▸ To do
Please reproduce the listing word for word. Pictures stay out.
++++ Provided data
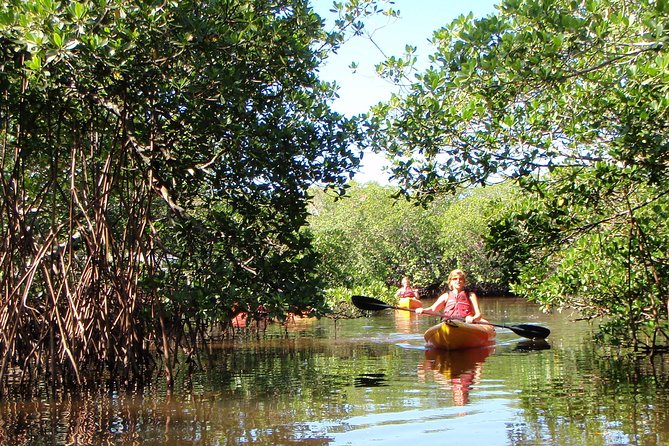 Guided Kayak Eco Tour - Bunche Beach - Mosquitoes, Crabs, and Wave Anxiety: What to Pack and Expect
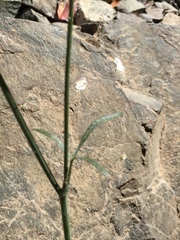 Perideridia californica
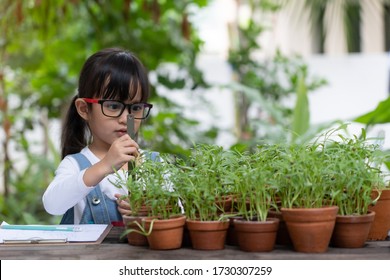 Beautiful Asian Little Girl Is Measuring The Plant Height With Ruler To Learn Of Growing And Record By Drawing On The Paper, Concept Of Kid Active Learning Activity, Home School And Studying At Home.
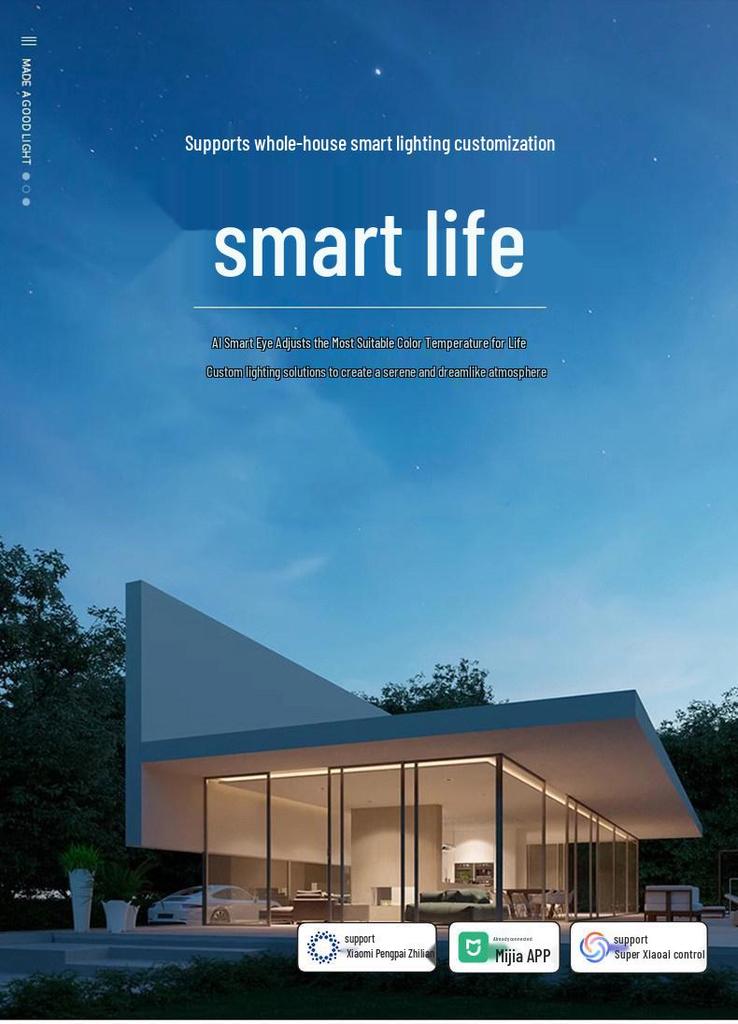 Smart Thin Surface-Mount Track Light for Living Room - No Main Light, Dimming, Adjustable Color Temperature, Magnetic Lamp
++++++++
▸ Solution to this task
 Guided Kayak Eco Tour - Bunche Beach - Mosquitoes, Crabs, and Wave Anxiety: What to Pack and Expect
 Perideridia californica
 Beautiful Asian Little Girl Is Measuring The Plant Height With Ruler To Learn Of Growing And Record By Drawing On The Paper, Concept Of Kid Active Learning Activity, Home School And Studying At Home.
 Smart Thin Surface-Mount Track Light for Living Room - No Main Light, Dimming, Adjustable Color Temperature, Magnetic Lamp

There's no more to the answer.